In the age of electronic documents and cloud storage, one thing remains tangible at Kenyon: the Matriculation Book.
Three leather-bound books, tucked into protective boxes, are housed in the vault in the Greenslade Special Collections and Archives in Chalmers Library. Each year, they’re brought out for all first-year students to sign on Founders’ Day.
The first book, with its thick pages yellowing at the edges, contains the fading handwritten script of then-president David Bates Douglass’ speech launching the rite of matriculation, or the official admission into Kenyon. Following that speech on July 17, 1841, which called the conditions of matriculation “wholly of a moral character,” students signed the book, pledging their allegiance to their alma mater.
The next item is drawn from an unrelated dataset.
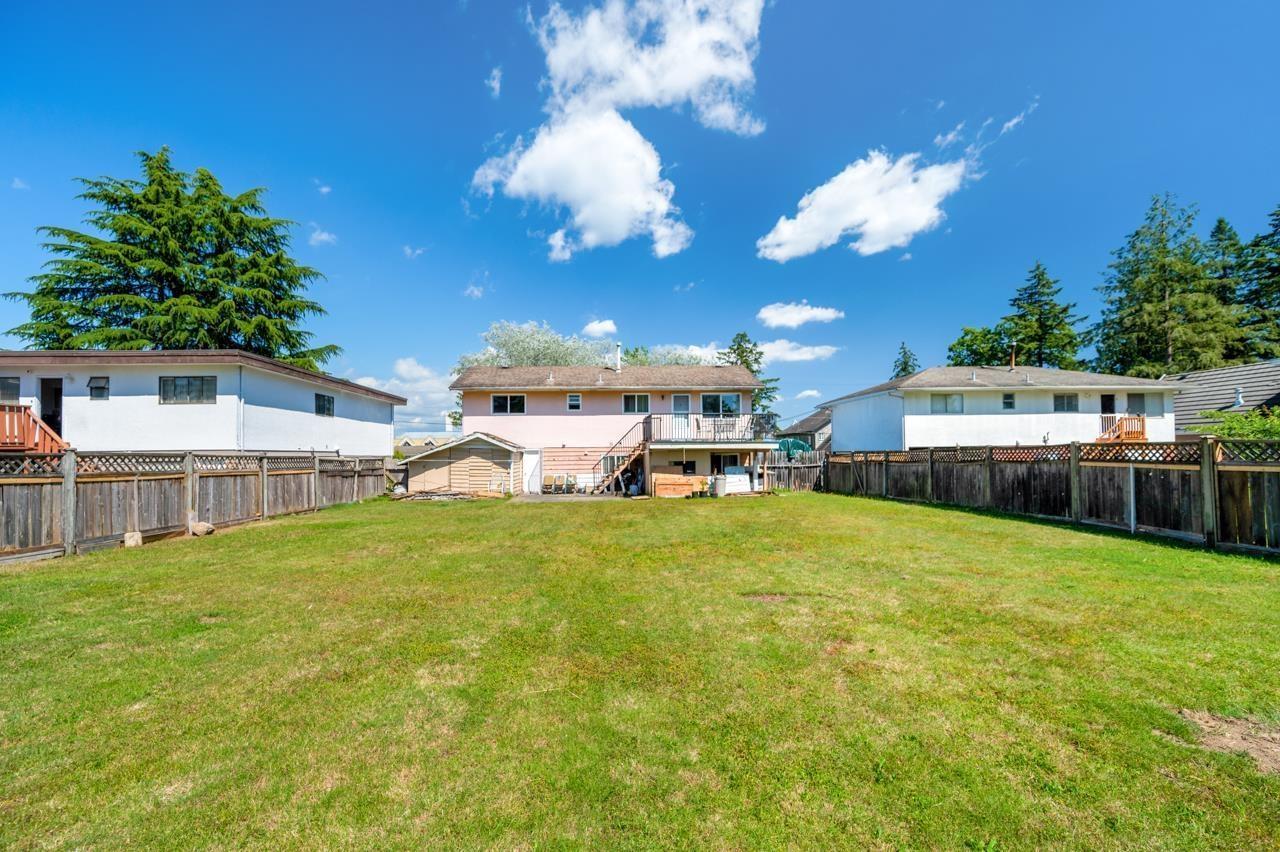 Listing image 20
Today, almost 24,000 students have signed the book. The first volume contains signatures from 1841 through 1956, and the second volume covers 1957 through 2010. A third volume, now less than a quarter full, was started in 2011.
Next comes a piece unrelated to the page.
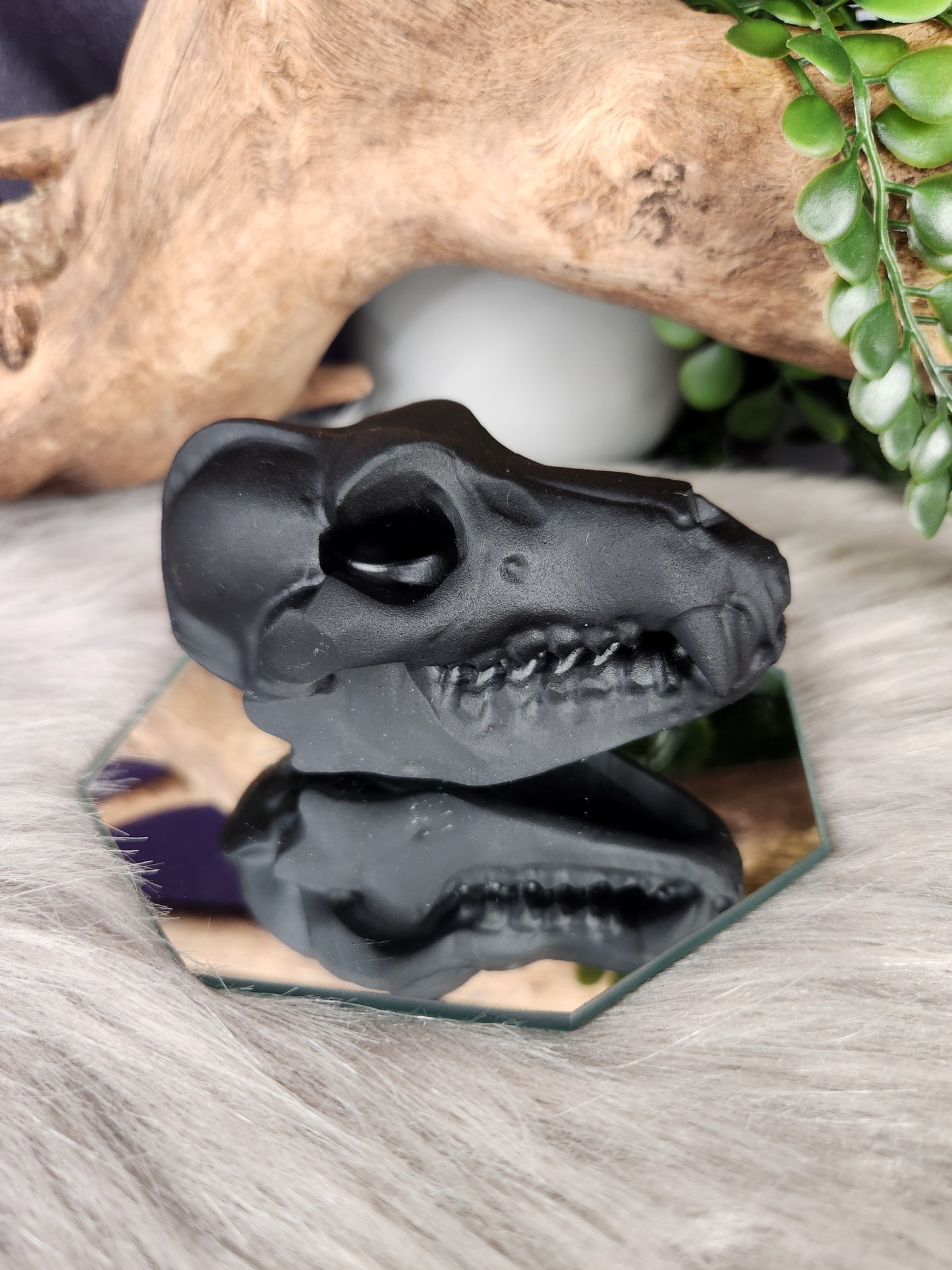 White Jade & Obsidian | Canine Skulls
“They’re beautiful,” said Tom Stamp ’73, College historian and keeper of Kenyoniana. “They’re like Kenyon family bibles.”
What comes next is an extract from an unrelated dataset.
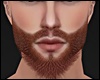 Beard Ginger Kila MH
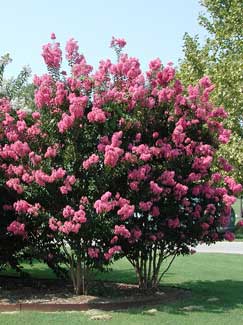 Picture of Near East Crapemyrtle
Signing the book never has been a condition of graduation, Stamp said. Many students do not sign while enrolled for various reasons but come back later to do so. One of the most famous late signers was best-selling author John Green ’00, who missed adding his signature because he was busy writing on Founders’ Day in 1996. He signed the book in 2014 when he was on campus to give a talk. His signature is one of the most requested to view along with those of Rutherford B. Hayes, Class of 1842, Paul Newman ’49 H’61 and E.L. Doctorow ’52 H’76.
The book rarely leaves the archives, but it is brought out on several occasions in addition to Founders’ Day — for Family Weekend, Reunion Weekend and Commencement. The book also can be viewed by appointment. “We have guests a few times a week,” said Abigail Tayse, the College archivist.
Today, students use special pens with acid-free ink that won’t degrade the paper, so signatures won’t fade as the text of Bates Douglass’ speech has. And even though they are allowed to practice signing their names before recording them among all the others, a few students every year still make mistakes, Tayse says. The most common? “They misspell their names.”